%%

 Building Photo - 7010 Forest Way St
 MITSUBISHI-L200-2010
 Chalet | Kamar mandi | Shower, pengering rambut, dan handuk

%%
%%

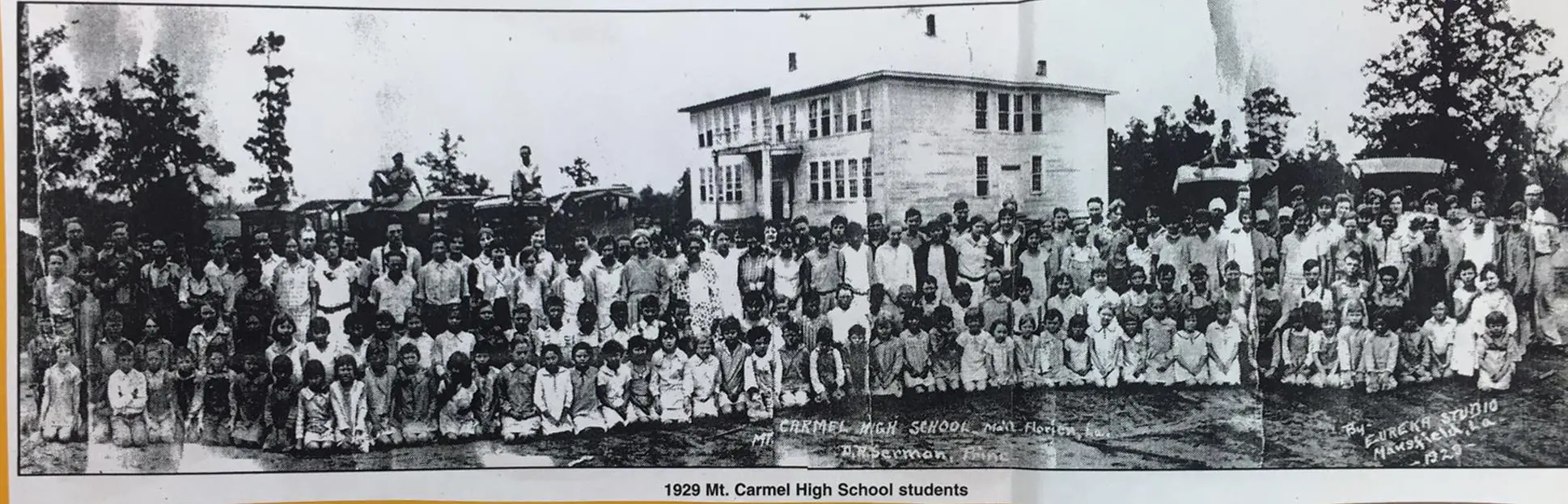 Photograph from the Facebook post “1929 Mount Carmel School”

%%

## Exercise requirements
Look through the data above and return exactly the lines from the one that contains "MITSUBISHI-L200-2010" to the one that contains "Chalet | Kamar", inclusive, with nothing else.

## Task response
 MITSUBISHI-L200-2010
 Chalet | Kamar mandi | Shower, pengering rambut, dan handuk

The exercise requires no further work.